• Exercise objective: Line by line, copy the material that follows without leaving anything out.

• Stored data:
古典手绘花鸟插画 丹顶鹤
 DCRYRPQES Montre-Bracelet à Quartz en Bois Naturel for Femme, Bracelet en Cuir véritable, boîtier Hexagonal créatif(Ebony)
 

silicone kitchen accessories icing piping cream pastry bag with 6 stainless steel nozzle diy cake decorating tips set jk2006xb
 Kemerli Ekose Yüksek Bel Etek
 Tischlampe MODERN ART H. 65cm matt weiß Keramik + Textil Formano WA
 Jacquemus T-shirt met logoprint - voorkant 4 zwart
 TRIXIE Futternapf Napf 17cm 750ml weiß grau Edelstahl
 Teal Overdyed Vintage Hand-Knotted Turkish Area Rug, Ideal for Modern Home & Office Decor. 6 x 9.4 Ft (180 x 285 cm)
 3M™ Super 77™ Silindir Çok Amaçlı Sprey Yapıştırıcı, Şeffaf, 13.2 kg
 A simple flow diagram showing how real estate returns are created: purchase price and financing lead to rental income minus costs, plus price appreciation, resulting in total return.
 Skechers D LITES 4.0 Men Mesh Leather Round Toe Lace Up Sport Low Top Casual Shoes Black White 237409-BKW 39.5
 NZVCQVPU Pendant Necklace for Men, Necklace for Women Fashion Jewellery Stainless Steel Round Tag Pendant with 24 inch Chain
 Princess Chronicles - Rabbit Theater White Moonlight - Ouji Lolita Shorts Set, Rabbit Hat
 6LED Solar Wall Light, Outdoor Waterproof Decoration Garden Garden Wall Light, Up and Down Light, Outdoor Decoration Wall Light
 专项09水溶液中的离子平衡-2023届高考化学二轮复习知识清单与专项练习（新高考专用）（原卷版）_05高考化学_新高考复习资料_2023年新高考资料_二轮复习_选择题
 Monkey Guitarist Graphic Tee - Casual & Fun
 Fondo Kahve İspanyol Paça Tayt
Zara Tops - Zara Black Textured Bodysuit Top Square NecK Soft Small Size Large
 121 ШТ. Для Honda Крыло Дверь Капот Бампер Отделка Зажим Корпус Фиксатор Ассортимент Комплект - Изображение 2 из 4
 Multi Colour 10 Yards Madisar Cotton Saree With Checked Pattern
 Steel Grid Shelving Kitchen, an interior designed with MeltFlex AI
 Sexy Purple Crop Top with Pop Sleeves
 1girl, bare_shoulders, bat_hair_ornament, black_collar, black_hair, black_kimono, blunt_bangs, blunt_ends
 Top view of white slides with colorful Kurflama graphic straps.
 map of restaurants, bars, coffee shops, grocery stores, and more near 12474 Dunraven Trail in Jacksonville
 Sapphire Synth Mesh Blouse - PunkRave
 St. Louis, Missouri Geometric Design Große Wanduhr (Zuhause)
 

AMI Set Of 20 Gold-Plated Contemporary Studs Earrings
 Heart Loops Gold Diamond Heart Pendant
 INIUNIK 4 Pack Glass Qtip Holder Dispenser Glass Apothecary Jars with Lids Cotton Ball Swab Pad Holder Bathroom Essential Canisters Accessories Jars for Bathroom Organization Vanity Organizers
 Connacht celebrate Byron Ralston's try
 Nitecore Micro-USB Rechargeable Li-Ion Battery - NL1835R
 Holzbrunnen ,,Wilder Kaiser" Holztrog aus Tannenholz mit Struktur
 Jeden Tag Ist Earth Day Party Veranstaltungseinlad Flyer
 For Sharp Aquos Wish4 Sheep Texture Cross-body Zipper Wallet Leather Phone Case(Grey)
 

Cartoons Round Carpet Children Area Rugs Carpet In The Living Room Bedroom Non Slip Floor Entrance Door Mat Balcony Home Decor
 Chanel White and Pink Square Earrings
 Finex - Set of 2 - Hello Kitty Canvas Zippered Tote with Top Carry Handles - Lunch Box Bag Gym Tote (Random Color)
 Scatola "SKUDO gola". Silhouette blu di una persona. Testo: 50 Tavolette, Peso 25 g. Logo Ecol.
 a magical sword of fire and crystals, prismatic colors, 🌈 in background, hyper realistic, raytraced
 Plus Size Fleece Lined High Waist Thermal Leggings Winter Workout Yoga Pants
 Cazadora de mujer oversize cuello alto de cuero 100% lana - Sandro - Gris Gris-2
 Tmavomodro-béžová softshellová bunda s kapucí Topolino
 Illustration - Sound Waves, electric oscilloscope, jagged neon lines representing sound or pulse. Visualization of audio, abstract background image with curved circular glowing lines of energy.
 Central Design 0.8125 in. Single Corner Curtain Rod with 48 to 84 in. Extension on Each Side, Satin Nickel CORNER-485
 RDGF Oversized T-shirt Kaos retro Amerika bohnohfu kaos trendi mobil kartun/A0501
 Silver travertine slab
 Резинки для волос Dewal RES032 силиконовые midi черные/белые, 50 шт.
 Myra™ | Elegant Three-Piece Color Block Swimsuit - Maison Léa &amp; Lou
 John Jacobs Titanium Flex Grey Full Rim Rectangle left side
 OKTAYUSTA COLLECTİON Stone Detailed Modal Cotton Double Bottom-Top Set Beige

• The answer:
古典手绘花鸟插画 丹顶鹤
 DCRYRPQES Montre-Bracelet à Quartz en Bois Naturel for Femme, Bracelet en Cuir véritable, boîtier Hexagonal créatif(Ebony)
 

silicone kitchen accessories icing piping cream pastry bag with 6 stainless steel nozzle diy cake decorating tips set jk2006xb
 Kemerli Ekose Yüksek Bel Etek
 Tischlampe MODERN ART H. 65cm matt weiß Keramik + Textil Formano WA
 Jacquemus T-shirt met logoprint - voorkant 4 zwart
 TRIXIE Futternapf Napf 17cm 750ml weiß grau Edelstahl
 Teal Overdyed Vintage Hand-Knotted Turkish Area Rug, Ideal for Modern Home & Office Decor. 6 x 9.4 Ft (180 x 285 cm)
 3M™ Super 77™ Silindir Çok Amaçlı Sprey Yapıştırıcı, Şeffaf, 13.2 kg
 A simple flow diagram showing how real estate returns are created: purchase price and financing lead to rental income minus costs, plus price appreciation, resulting in total return.
 Skechers D LITES 4.0 Men Mesh Leather Round Toe Lace Up Sport Low Top Casual Shoes Black White 237409-BKW 39.5
 NZVCQVPU Pendant Necklace for Men, Necklace for Women Fashion Jewellery Stainless Steel Round Tag Pendant with 24 inch Chain
 Princess Chronicles - Rabbit Theater White Moonlight - Ouji Lolita Shorts Set, Rabbit Hat
 6LED Solar Wall Light, Outdoor Waterproof Decoration Garden Garden Wall Light, Up and Down Light, Outdoor Decoration Wall Light
 专项09水溶液中的离子平衡-2023届高考化学二轮复习知识清单与专项练习（新高考专用）（原卷版）_05高考化学_新高考复习资料_2023年新高考资料_二轮复习_选择题
 Monkey Guitarist Graphic Tee - Casual & Fun
 Fondo Kahve İspanyol Paça Tayt
Zara Tops - Zara Black Textured Bodysuit Top Square NecK Soft Small Size Large
 121 ШТ. Для Honda Крыло Дверь Капот Бампер Отделка Зажим Корпус Фиксатор Ассортимент Комплект - Изображение 2 из 4
 Multi Colour 10 Yards Madisar Cotton Saree With Checked Pattern
 Steel Grid Shelving Kitchen, an interior designed with MeltFlex AI
 Sexy Purple Crop Top with Pop Sleeves
 1girl, bare_shoulders, bat_hair_ornament, black_collar, black_hair, black_kimono, blunt_bangs, blunt_ends
 Top view of white slides with colorful Kurflama graphic straps.
 map of restaurants, bars, coffee shops, grocery stores, and more near 12474 Dunraven Trail in Jacksonville
 Sapphire Synth Mesh Blouse - PunkRave
 St. Louis, Missouri Geometric Design Große Wanduhr (Zuhause)
 

AMI Set Of 20 Gold-Plated Contemporary Studs Earrings
 Heart Loops Gold Diamond Heart Pendant
 INIUNIK 4 Pack Glass Qtip Holder Dispenser Glass Apothecary Jars with Lids Cotton Ball Swab Pad Holder Bathroom Essential Canisters Accessories Jars for Bathroom Organization Vanity Organizers
 Connacht celebrate Byron Ralston's try
 Nitecore Micro-USB Rechargeable Li-Ion Battery - NL1835R
 Holzbrunnen ,,Wilder Kaiser" Holztrog aus Tannenholz mit Struktur
 Jeden Tag Ist Earth Day Party Veranstaltungseinlad Flyer
 For Sharp Aquos Wish4 Sheep Texture Cross-body Zipper Wallet Leather Phone Case(Grey)
 

Cartoons Round Carpet Children Area Rugs Carpet In The Living Room Bedroom Non Slip Floor Entrance Door Mat Balcony Home Decor
 Chanel White and Pink Square Earrings
 Finex - Set of 2 - Hello Kitty Canvas Zippered Tote with Top Carry Handles - Lunch Box Bag Gym Tote (Random Color)
 Scatola "SKUDO gola". Silhouette blu di una persona. Testo: 50 Tavolette, Peso 25 g. Logo Ecol.
 a magical sword of fire and crystals, prismatic colors, 🌈 in background, hyper realistic, raytraced
 Plus Size Fleece Lined High Waist Thermal Leggings Winter Workout Yoga Pants
 Cazadora de mujer oversize cuello alto de cuero 100% lana - Sandro - Gris Gris-2
 Tmavomodro-béžová softshellová bunda s kapucí Topolino
 Illustration - Sound Waves, electric oscilloscope, jagged neon lines representing sound or pulse. Visualization of audio, abstract background image with curved circular glowing lines of energy.
 Central Design 0.8125 in. Single Corner Curtain Rod with 48 to 84 in. Extension on Each Side, Satin Nickel CORNER-485
 RDGF Oversized T-shirt Kaos retro Amerika bohnohfu kaos trendi mobil kartun/A0501
 Silver travertine slab
 Резинки для волос Dewal RES032 силиконовые midi черные/белые, 50 шт.
 Myra™ | Elegant Three-Piece Color Block Swimsuit - Maison Léa &amp; Lou
 John Jacobs Titanium Flex Grey Full Rim Rectangle left side
 OKTAYUSTA COLLECTİON Stone Detailed Modal Cotton Double Bottom-Top Set Beige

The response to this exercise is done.